Si la niña encendiera un cerillo para quemar las cáscaras del llanto,
y en esa quemazón murieran los animales del odio,
los botiquines serían usados para curar cada raspón de la niñez
y así yo no escucharía a la yo que grita
y me señala con el dedo dónde colocar cada una de mis palabras.
Niñas trigueñas
Como crin de caballo, un hilo ondula,
será el desequilibrio de los puentes,
el margen de un río acosado por el viento,
o dos niñas que son despojo del trigo
y sienten cómo en su estómago mueren mariposas.
Puede ser el escarpelo de un viejo crisantemo,
la onda en el agua, el marrón de la tristeza,
o ese dúo pueril que se encaracola
porque lo pluvial es palabra que azota.
Y ellas van tras la alegría, cometa de cola cenceña,
huidiza, espejismo y juramento en lo celeste.

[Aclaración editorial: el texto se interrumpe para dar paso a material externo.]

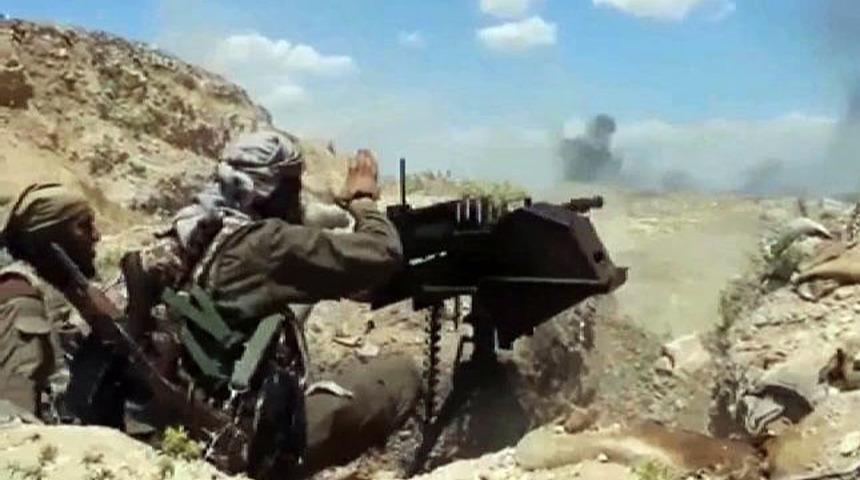 Eylem hazırlığındaki DEAŞ&rsquo;lı yakalandı! G&ouml;r&uuml;nt&uuml;ler ele ge&ccedil;irildi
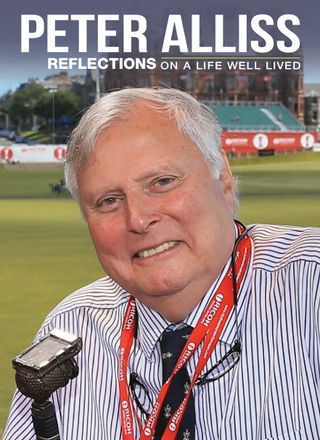 cover of Peter Alliss’ Reflections On A Life Well Lived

Telar de cintura es la ausencia,
les teje asombros en los ojos, adioses en las manos
y un perro apiñonado parecido al horizonte.
Hortensia Carrasco Santos (Acatlán, Puebla, 1971), es poeta y editora. Ha publicado varios libros de poesía, como Poemas del encierro, El libro del mal amor y En las heridas de los cactus nacen flores. Ha recibido diversos premios de poesía, como el Certamen Nacional de Poesía María Elena Solórzano, el Interamericano de Poesía Navachiste Jóvenes Creadores, el Torneo de Poesía Adversario en el Cuadrilátero, el de Poesía La Maga, otorgado por la Editorial Bruma y el XVII Premio de Poesía Editorial Praxis. Sus cuentos han sido publicados en antologías como Banco de maridos defectuosos y Cuentos del sótano, Terror en Xochimilco y Tláhuac, entre otras.